Yes, we came together and got one good shot. You can see my mom squeezing her knee, but it’s only noticeable if you’re looking for it.

As we entered the house, exhausted, my dad said, loudly, and with all the determination of a stubborn Brittingham, “Well, never doing that again!”

And with that, his tie was gone, and he was off to his basement man-cave.


It was not actually the last photo we ever took. But we did not have another family portrait done for about 7 years. The next one, I was in junior high, and it was time to update the church directory.

We were allowed to pick outfits from things we already owned, and it was a mostly casual shot. I chose a frilly, floral accented top that matched my iridescent color-changing glasses. My sad attempts to be fashion forward in these years seldom appear on film, because I burned most of them.

Note: anyone from home reading this, if you find photos of me from this time period, please send them to me for destruction filing. If they happen to appear on Facebook: I. Will. Hunt. You. Down.

The rest of the family accidentally chose matching colors and patterns.

A few remain, including this relatively painless, less than fifteen minute session that made my dad rethink the whole family portrait thing.



For about ten minutes. Then, as before, he was disinterested in family portraits. We had two, why did we need more?

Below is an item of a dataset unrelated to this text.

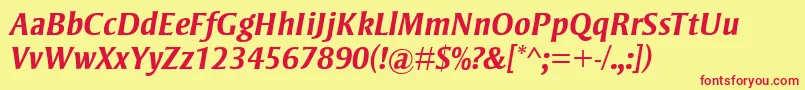 StrayhornMtBoldItalic Font – Red Fonts on Yellow Background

As mentioned earlier, Jayme, Kate and I did not get a professional photo of us together at any point in our childhood. It wasn’t until I was in college, and the three of us, very sneakily, combined a photo shoot with day after Thanksgiving shopping. Again, we all selected matching ensembles—how we each picked pastel button down shirts without consulting one another, I’ll never know.

But perhaps the best family photo of all came almost ten years after the church directory.

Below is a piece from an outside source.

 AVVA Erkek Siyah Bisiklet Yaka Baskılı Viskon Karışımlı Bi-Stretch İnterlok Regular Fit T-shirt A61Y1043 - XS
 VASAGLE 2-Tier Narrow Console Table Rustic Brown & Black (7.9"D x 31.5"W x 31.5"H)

My mother, knowing I was moving twenty hours away for graduate school, planned a family trip to the beach for the summer. Jayme was out of school and working, Kate was in college—who knew when the next opportunity for a family vacation would be?

As always, we headed for the Outer Banks of North Carolina. There, a trip is never complete without visiting Kitty Hawk Kites to play with the kites and the toys, and to pick up salt water taffy from one of the other little shops along the way.

But this year, we noticed, for the first time, the Old Timey Photo store. Now, we had Old Timey Photos—Kate and Jayme at an amusement park, me at a school festival, my parents when they were first married—but none of the whole family.

It didn’t take much convincing after we saw that they had color-tinted 1920s style photos.

So the family, for the first time in our short-lived portrait lives, happily posed for a photo. As I held my gun and bottle of liquor, I looked at my sisters, also with firearms and booze, and my mother, holding a giant bag o’ money with a dollar sign on it, and my dad, whose genuine smile from the tommy gun he was given is forever frozen in time, I knew this was a family moment to cherish forever.



What I can’t figure out is why my mom didn’t want this to be our Christmas card.